KAYIĞIMIN TÜRKİYE’YE KAZANDIRILMASI LAZIM
Benim 1.168 günüm okyanusta geçti. Bu üç seneyi aşkın bir süre. Bunun 1084’ü yalnız başıma. Aynı kayığın ben satın almadan önce de bir geçmişi var. Atlas Okyanusu’nu daha önce 2 defa 2 ayrı takım bu kayıkla geçmiş. Bunların toplamının bir araya getirdiğinizde benim kayığım tarihi bir kayıktır. Şu anda dünyada en çok deniz mili kat etmiş kayık, en uzun süre denizde kalmış kayık bendedir. O kayığın Türkiye’ye kazandırılması lazım. Bir şekilde buraya getirilip müzeye falan konması lazım. Yoksa ben onu elden çıkaracağım.
RY: Eşiniz kendisinden ayrı geçen bunca zamana tepki göstermiyor mu? O nasıl karşılıyor bu durumu?

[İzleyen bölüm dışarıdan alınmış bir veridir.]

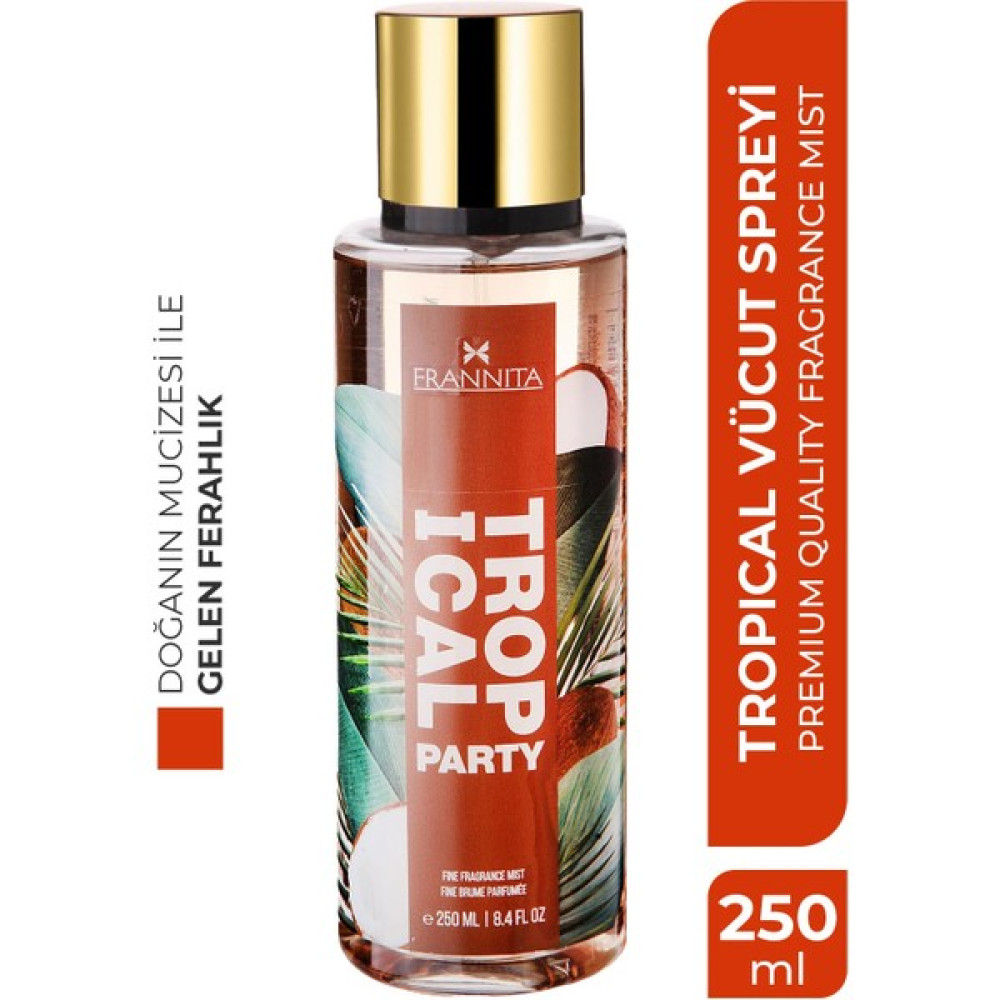 Frannita Tropical Party 250ML Body Mist Oto Boyaları Fiyatı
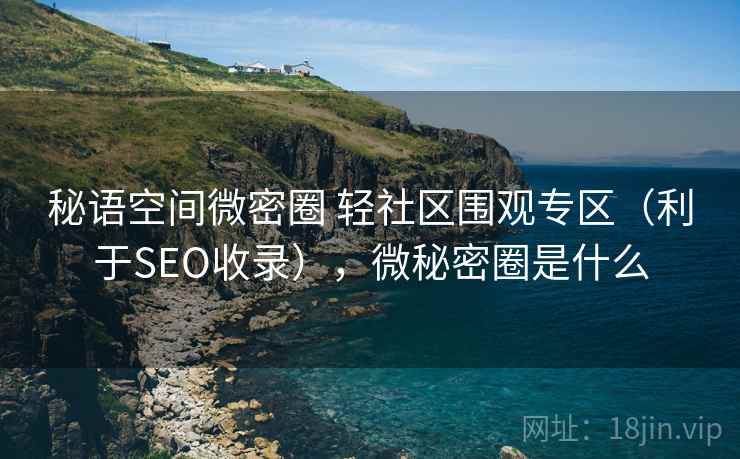 秘语空间微密圈 轻社区围观专区（利于SEO收录），微秘密圈是什么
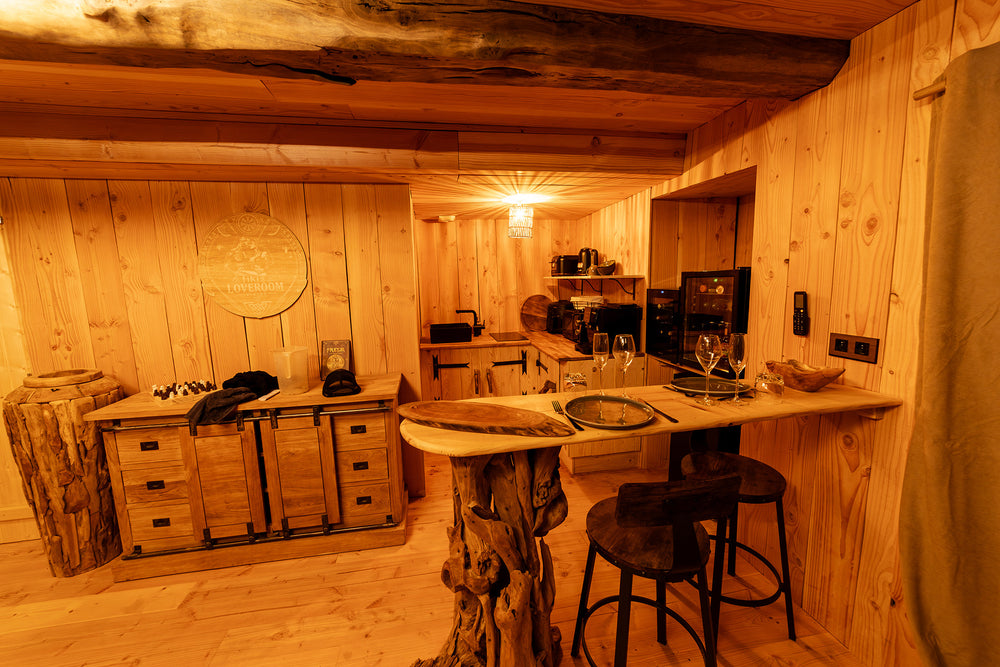 Love room La Viking room à Guillac — photo 1212 de La Viking room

EE: Ayağımı denize attığım zaman benim de kendime sorduğum sorular arasında bu var: Ne zaman bitecek? Vietnam’a vardığımda tamam mı devam mı sorusunu cevaplamak zorundayım. Çünkü cebimden harcıyorum ben. 60 yaşındayım, bir 10 sene daha benden iş çıkar. Eşim Nancy “Ne zaman eve döneceksin? diye soruyor. Ona verdiğim bazı sözler var: Ölmeyeceğim, iflas etmeyeceğiz, seni kaybetmeyeceğim gibi… Bunlarla yüzleştiğimiz zaman sınırları zorlayan birisiyim ben, başına buyruk, yardım et ya da önümden çekil şeklinde tavır koyabilen, başına buyruk biriyim. Artık tamam dediğimde, küçük hedefler de küçük projelerde eve yakın projelerle uğraşmak, Nancy ile beraber yürüyüşlere gitmek, 11 yaşına gelmiş ufak köpeğimle, vakit geçirmek istiyorum.